Get your personalised daily calorie and macronutrient targets using the Mifflin–St Jeor formula.

How the Mifflin–St Jeor Formula Works

The Mifflin–St Jeor equation, published in 1990 and validated across multiple populations, is the gold standard for estimating Basal Metabolic Rate (BMR) — the number of calories your body burns at complete rest. It outperforms the older Harris-Benedict equation by approximately 5% accuracy in both normal and overweight individuals.

Male BMR

(10 × weight kg) + (6.25 × height cm) − (5 × age) + 5

Female BMR

(10 × weight kg) + (6.25 × height cm) − (5 × age) − 161

Your TDEE (Total Daily Energy Expenditure) = BMR × Activity Multiplier. The macronutrient split then distributes those calories into protein, carbohydrates, and fats based on your goal.

Activity Multipliers Explained

Activity Level Multiplier Description
Sedentary × 1.2 Desk job, little or no deliberate exercise
Light × 1.375 Light exercise 1–3 days per week
Moderate × 1.55 Moderate exercise 3–5 days per week
Active × 1.725 Hard exercise or sports 6–7 days per week
Very Active × 1.9 Physical labour job AND heavy training

Macro Splits by Goal

Goal Calorie Adjustment Protein Carbs Fat
Fat loss −15–20% deficit 35% 35% 30%
Maintenance / recomposition TDEE 30% 40% 30%
Muscle building +10–15% surplus 30% 45% 25%

Visualising a Fat Loss Macro Split

Protein (35%)

Preserves muscle during a deficit. Target 1.6–2.2g per kg of body weight.

Carbohydrates (35%)

Primary fuel for training. Prioritise complex sources: oats, rice, sweet potato.

Fat (30%)

Essential for hormonal health. Never drop below 20% of calories.

Protein: The Non-Negotiable Macro

Protein is unique among macronutrients — it has a significantly higher thermic effect (25–30% of calories burned in digestion vs 6–8% for carbs and 2–3% for fat), builds and preserves lean muscle mass, and is the most satiating macronutrient per calorie.

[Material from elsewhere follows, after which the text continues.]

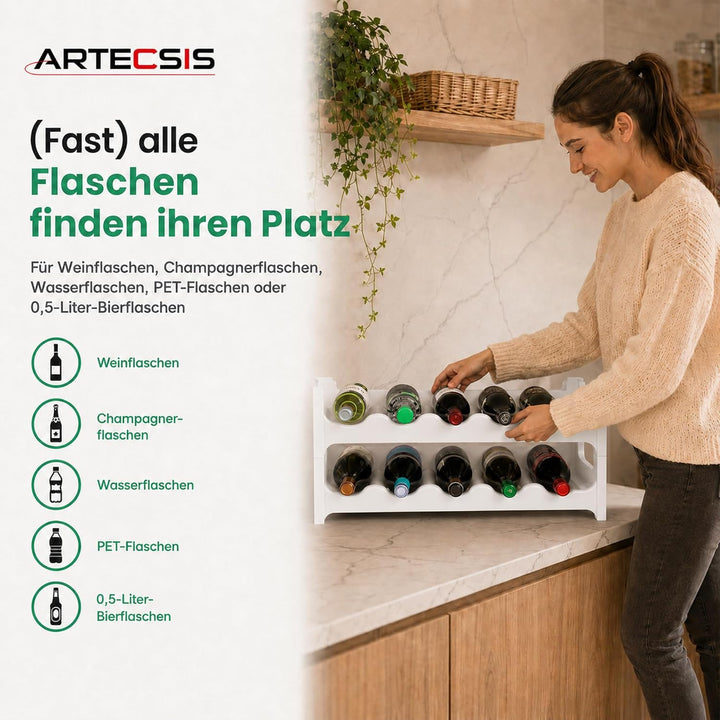 ARTECSIS Weinregal stapelbar Kunststoff für 12 Flaschen, stabiles Flaschenregal in Gastronomie-Quali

Goal Protein Target Evidence Basis
General health maintenance 0.8g / kg body weight WHO minimum — insufficient for active people
Body recomposition 1.6–2.0g / kg Morton et al. 2018 meta-analysis of 49 RCTs
Fat loss (muscle preservation) 2.0–2.4g / kg Higher target recommended when in caloric deficit
Muscle building 1.6–2.2g / kg No benefit observed beyond 2.2g/kg in most studies
Older adults (65+) 1.2–1.6g / kg Higher needs due to anabolic resistance

Common Macro Counting Mistakes

1

Ignoring protein quality

Not all protein is equal. Leucine content, DIAAS score, and digestibility matter. Animal proteins and soy consistently outperform other plant sources for muscle protein synthesis.

2

Dropping fat too low

Fat below 20% of calories disrupts testosterone, oestrogen, and the absorption of fat-soluble vitamins (A, D, E, K). Low-fat diets impair hormonal health.

3

Eating back all exercise calories

Fitness trackers overestimate calorie burn by 30–100%. Eating back all exercise calories can eliminate a caloric deficit entirely.

4

Not accounting for cooking methods

Food scales should weigh raw ingredients. Cooked weight varies significantly based on water lost during preparation.

5

Neglecting fibre

Fibre is a carbohydrate that is poorly tracked but critical — it feeds the gut microbiome, regulates blood sugar, and improves satiety. Target 25–38g daily.